** TASK INSTRUCTIONS **
Examine the records below and count how many lines contain the string "ceiling". Give only the number.
════════
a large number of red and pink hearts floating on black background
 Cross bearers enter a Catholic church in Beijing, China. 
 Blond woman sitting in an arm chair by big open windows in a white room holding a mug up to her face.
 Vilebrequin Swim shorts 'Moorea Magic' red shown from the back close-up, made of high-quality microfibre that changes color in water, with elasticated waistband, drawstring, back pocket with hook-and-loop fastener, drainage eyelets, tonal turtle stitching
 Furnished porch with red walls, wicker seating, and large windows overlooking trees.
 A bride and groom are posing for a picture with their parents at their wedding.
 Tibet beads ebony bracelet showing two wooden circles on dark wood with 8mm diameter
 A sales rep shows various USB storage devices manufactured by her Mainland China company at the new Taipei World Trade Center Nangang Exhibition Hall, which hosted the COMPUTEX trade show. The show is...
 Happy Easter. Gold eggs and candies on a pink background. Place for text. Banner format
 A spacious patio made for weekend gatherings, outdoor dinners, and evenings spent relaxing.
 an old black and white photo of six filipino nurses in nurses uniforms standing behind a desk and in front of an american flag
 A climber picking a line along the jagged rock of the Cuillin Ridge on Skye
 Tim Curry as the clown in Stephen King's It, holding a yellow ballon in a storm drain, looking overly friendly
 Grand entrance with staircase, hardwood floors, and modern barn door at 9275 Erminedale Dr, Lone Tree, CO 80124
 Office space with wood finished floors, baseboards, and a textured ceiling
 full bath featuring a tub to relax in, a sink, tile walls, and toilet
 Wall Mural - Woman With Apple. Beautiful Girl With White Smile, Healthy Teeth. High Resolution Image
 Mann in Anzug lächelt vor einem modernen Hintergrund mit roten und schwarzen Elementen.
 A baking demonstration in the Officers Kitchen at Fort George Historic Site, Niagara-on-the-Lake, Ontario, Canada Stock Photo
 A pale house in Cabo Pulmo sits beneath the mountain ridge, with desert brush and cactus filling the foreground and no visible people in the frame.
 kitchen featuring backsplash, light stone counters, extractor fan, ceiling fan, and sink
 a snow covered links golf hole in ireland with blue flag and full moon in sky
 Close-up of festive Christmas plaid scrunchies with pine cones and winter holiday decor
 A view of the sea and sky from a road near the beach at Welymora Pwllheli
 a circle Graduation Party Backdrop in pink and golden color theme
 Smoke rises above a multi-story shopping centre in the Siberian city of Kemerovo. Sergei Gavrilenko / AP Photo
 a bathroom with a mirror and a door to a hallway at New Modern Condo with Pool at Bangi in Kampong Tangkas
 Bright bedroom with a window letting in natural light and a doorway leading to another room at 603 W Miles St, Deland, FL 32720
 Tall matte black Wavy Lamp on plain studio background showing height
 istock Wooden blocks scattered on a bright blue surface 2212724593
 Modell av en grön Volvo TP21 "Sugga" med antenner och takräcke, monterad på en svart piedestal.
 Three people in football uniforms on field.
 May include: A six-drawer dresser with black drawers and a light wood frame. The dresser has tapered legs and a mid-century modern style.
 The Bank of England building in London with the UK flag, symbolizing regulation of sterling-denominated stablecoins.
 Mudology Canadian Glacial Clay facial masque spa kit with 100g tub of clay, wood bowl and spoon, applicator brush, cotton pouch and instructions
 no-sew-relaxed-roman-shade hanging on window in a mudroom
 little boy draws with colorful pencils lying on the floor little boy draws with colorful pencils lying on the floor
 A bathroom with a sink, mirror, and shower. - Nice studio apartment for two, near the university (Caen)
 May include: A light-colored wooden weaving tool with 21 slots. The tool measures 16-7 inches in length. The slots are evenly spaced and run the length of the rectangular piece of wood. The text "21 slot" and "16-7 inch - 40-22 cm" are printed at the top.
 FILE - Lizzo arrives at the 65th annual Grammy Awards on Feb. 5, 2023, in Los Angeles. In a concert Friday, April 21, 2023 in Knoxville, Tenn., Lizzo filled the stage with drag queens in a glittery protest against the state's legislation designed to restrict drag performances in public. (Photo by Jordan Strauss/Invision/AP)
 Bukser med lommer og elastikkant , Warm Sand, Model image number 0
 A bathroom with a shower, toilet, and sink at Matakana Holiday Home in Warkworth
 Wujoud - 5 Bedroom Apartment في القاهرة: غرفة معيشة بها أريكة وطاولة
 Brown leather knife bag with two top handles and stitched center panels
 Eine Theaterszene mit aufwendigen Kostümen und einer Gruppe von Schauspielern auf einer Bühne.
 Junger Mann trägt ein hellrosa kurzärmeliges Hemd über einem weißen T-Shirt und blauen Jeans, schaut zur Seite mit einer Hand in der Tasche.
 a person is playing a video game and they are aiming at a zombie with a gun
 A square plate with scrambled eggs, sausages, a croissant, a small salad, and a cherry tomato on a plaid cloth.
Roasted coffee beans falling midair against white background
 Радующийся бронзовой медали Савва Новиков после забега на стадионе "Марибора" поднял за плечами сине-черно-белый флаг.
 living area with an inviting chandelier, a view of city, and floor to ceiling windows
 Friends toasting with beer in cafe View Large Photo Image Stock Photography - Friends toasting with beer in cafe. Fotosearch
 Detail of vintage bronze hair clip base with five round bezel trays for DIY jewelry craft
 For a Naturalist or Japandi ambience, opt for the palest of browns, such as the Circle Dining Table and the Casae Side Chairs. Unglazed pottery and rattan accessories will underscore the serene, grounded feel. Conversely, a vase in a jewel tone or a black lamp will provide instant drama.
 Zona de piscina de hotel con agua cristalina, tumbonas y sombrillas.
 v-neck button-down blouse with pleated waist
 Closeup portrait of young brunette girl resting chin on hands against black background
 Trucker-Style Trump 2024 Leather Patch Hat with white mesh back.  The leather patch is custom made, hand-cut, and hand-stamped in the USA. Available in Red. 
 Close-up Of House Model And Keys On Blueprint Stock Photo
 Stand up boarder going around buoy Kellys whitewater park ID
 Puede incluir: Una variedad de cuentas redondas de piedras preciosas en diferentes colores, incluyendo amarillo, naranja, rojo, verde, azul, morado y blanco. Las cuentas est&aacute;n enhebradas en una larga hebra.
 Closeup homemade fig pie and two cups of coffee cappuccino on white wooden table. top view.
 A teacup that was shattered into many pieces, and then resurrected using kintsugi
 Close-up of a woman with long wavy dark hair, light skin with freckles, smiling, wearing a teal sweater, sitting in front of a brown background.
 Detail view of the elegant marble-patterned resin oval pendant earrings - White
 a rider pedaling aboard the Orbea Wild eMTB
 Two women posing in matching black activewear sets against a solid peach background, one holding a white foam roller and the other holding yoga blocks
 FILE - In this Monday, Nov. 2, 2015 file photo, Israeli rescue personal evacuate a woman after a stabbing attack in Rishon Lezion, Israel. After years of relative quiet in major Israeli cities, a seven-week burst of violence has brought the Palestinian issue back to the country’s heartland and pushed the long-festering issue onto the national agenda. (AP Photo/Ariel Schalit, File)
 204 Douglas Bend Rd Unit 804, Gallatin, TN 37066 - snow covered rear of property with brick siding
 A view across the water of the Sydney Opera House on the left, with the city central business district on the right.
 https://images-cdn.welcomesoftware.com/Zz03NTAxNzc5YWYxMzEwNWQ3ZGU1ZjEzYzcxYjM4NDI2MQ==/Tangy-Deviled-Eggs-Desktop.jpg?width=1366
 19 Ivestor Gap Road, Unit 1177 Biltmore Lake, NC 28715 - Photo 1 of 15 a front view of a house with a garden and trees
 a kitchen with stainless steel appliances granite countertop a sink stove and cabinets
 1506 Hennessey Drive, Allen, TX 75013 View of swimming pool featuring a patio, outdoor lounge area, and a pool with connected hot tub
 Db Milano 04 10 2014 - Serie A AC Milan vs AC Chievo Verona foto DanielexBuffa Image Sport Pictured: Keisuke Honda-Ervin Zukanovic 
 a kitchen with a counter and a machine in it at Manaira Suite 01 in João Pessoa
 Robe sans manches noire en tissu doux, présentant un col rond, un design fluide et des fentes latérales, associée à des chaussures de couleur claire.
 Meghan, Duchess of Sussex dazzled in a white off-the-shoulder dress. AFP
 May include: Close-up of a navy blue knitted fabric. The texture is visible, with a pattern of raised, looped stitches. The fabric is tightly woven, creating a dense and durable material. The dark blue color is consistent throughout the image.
════════
** ANSWER FOR THE TASK **
3